And, one year on from its formal legalization, it turns out US hemp production is still badly in need of some rules.


Hemp rules

“Everybody has worked together to get the policy in the United States such that it's on a semi-firm foundation. But it's not 100 percent there yet,” says Mark Privitera, CEO of PreProcess, a San Francisco-based process development and engineering firm. “The policy has still got issues.”

Thanks to the 2018 Farm Bill, everyone involved in hemp can now agree on its legal status as an agricultural crop. But what part of the plant should be sampled for testing? How much should be taken? What equipment settings should be used to test it? These are the more practical issues that have got activists scrambling for a consensus.

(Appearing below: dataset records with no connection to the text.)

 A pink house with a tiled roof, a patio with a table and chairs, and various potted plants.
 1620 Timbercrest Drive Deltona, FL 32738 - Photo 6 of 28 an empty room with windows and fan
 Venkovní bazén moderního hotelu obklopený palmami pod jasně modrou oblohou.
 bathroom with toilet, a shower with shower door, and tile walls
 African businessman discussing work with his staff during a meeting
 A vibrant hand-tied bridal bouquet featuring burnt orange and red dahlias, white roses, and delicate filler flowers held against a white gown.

“Everybody seems to have a different way of prepping the sample,” Privitera tells Analytical Cannabis. “Do I take a chocolate bar that has a claim of 10 milligrams per square, or do I grind the whole bar? Do I take one square? What we found is, Kentucky would specify one way, New York would specify another.”

As both a hemp farmer and CEO of a process development firm, Privitera sits in a unique position between cannabis agriculture and the engineering industries. It’s one of the reasons why the Hemp Industries Association (HIA) commissioned him to head up a new task force, one with the aim of cataloguing every standard and measuring technique US companies and agencies use to measure hemp samples.

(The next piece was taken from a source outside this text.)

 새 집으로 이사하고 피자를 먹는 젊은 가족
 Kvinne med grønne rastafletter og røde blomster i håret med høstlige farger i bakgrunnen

“We went to the HIA, and we said, ‘Let's take a look at what everybody's doing,’” Privitera says. “So what we decided to do is put together this task force and gather from everywhere.”

With the blessing of the HIA, Privitera assembled a top team of analytical scientists, university researchers, and hemp experts at the end of 2019. And now that the new year is here, they’re ready to get cataloguing.

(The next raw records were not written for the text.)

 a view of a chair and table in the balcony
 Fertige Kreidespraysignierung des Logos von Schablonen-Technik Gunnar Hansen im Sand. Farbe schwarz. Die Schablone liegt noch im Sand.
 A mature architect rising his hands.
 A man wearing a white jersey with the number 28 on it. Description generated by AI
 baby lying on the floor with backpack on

“We had the first kick-off in December. Now the working group has been feeding in and saying, ‘Hey, here's a method a company’s using in Texas. Here’s a method that X lab is using in Colorado,’” says Privitera. “We're gathering that information and a group of ten of us look at it and go, ‘Okay, this looks very similar [this] method. We have five people using that method. But those five people have five different sample prep [methods].’ So there's a difference.”

The trouble with inconsistency

While it might just sound like an excessive amount of interviewing and paperwork, the task force’s project could be incredibly beneficial for an industry struggling to organize itself. Only a few years ago, many in cannabis lab sector were still trying to agree on which THC/CBD referencing standards to use.

“In the past, there would be larger variance in reported results, depending on whose calibration standards we used to generate our calibration curves,” Christopher Hudalla, chief scientific officer at ProVerde Labs, told Analytical Cannabis in 2017. “But now that we have identified the most reliable sources and do our own internal quality control on incoming batches of samples, we do not have the problems we had in the past.”

These are the kinds of technical problems Privitera knows all too well – and he’s not all that confident they’re an issue of the past.

“What we're seeing a lot of is, ‘Okay, I measured my stuff and it's at ten percent cannabinoid, whether it's CBD or THC,” he says. “And, of course, a processor might do their own test and say, ‘Oh, no, I get eight percent.’”

“Both parties are confident in the number that they're basing on,” he adds. “Right now, it’s like, ‘Well, I say eight, you say, ten. Let's make it nine.’ It’s not the way you want an industry to be.”

Even as recently as August last year, reports of mass discrepancies in sample tests were still blemishing the US cannabis industry. Upon discovering that components in chocolate were interfering with cannabis potency tests, researchers in California claimed that thousands of cannabis-chocolate products across the country could be inaccurately labelled.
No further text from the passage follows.